━━ Recorded data ━━

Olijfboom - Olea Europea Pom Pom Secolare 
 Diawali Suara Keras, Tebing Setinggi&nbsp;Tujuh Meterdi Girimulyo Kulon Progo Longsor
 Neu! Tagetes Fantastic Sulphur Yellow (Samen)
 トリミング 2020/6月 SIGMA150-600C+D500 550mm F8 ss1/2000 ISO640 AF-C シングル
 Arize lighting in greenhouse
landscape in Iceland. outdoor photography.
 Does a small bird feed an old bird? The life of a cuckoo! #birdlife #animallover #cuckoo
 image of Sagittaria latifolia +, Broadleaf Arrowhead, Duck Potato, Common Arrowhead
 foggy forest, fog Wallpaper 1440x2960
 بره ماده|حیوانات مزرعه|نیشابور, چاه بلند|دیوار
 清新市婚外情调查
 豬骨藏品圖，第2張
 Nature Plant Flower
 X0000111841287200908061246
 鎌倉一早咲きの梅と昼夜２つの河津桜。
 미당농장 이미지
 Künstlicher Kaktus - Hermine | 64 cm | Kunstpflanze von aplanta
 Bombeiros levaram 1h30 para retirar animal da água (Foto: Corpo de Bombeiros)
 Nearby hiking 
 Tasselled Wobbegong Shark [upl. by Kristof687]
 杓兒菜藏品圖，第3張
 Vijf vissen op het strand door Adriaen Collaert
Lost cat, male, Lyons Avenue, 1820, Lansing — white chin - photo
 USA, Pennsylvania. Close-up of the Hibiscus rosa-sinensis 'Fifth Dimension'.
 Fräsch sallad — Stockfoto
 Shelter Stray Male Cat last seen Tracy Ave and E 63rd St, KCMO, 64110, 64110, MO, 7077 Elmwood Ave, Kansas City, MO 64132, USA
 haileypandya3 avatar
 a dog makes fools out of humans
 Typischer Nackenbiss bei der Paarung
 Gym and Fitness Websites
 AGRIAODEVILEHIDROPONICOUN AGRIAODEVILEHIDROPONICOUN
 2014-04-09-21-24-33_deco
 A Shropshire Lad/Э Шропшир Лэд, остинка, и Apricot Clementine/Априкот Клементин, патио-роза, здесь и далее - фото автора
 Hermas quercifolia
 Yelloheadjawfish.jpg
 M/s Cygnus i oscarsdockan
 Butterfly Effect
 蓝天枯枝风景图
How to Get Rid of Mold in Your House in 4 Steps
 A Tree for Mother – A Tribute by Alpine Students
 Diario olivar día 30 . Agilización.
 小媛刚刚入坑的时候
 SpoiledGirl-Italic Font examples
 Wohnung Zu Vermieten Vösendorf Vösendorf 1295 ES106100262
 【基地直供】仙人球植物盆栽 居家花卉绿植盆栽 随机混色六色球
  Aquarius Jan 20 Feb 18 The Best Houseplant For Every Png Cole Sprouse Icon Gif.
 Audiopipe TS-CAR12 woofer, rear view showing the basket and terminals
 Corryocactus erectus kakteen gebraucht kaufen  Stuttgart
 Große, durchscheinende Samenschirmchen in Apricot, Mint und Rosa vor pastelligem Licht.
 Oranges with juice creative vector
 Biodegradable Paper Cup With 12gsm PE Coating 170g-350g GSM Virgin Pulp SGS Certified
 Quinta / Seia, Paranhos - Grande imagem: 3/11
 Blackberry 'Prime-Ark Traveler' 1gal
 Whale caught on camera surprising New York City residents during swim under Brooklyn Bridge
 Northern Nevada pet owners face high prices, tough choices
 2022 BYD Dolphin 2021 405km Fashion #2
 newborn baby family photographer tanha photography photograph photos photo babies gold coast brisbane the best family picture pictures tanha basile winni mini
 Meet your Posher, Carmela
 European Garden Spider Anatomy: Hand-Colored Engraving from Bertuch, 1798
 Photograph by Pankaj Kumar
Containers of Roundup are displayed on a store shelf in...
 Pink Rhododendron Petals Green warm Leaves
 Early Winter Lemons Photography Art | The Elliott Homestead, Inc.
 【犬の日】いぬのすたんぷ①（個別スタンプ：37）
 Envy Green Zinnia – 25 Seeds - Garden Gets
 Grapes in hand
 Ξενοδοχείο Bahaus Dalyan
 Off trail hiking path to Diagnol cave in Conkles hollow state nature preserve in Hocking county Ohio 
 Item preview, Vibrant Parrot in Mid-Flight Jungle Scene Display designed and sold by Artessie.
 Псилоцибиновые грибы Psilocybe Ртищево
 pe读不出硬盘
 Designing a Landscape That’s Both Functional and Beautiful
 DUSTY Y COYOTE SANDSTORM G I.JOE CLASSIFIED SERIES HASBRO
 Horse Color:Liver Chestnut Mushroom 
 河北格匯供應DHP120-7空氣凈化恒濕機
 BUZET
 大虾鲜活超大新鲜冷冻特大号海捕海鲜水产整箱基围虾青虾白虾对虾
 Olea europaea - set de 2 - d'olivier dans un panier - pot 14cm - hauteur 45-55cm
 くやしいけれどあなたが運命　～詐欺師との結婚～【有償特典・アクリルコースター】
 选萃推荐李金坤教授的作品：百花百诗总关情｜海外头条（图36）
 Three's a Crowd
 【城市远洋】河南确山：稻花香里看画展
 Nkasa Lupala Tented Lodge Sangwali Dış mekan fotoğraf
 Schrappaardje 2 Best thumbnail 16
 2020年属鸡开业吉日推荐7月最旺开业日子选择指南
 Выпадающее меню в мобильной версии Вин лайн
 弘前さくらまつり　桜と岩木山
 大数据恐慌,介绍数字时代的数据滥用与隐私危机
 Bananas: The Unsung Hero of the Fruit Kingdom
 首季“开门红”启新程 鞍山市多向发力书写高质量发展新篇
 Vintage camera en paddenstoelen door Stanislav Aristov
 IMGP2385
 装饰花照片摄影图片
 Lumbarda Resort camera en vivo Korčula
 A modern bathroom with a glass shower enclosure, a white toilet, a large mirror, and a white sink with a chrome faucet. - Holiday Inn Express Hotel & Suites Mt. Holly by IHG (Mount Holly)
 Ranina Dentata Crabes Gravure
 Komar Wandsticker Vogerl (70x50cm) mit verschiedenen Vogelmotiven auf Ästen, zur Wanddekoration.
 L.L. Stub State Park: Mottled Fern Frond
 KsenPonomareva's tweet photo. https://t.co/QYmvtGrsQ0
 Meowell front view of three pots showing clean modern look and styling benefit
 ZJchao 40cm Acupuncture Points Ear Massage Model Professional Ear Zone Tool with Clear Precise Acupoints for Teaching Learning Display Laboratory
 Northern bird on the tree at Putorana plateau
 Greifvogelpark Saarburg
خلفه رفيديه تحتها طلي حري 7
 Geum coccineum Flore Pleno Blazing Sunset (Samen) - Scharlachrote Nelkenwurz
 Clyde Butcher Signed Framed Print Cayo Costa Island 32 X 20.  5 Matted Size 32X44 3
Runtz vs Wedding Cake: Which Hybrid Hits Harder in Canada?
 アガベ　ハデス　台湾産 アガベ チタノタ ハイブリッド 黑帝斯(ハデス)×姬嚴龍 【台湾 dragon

━━━

## Task prompt
Return a word-for-word copy of the lines above from the one holding "image of Sagittaria" through the one holding "Gym and Fitness Websites", with both of them included and nothing besides.

## Result of this exercise
 image of Sagittaria latifolia +, Broadleaf Arrowhead, Duck Potato, Common Arrowhead
 foggy forest, fog Wallpaper 1440x2960
 بره ماده|حیوانات مزرعه|نیشابور, چاه بلند|دیوار
 清新市婚外情调查
 豬骨藏品圖，第2張
 Nature Plant Flower
 X0000111841287200908061246
 鎌倉一早咲きの梅と昼夜２つの河津桜。
 미당농장 이미지
 Künstlicher Kaktus - Hermine | 64 cm | Kunstpflanze von aplanta
 Bombeiros levaram 1h30 para retirar animal da água (Foto: Corpo de Bombeiros)
 Nearby hiking 
 Tasselled Wobbegong Shark [upl. by Kristof687]
 杓兒菜藏品圖，第3張
 Vijf vissen op het strand door Adriaen Collaert
Lost cat, male, Lyons Avenue, 1820, Lansing — white chin - photo
 USA, Pennsylvania. Close-up of the Hibiscus rosa-sinensis 'Fifth Dimension'.
 Fräsch sallad — Stockfoto
 Shelter Stray Male Cat last seen Tracy Ave and E 63rd St, KCMO, 64110, 64110, MO, 7077 Elmwood Ave, Kansas City, MO 64132, USA
 haileypandya3 avatar
 a dog makes fools out of humans
 Typischer Nackenbiss bei der Paarung
 Gym and Fitness Websites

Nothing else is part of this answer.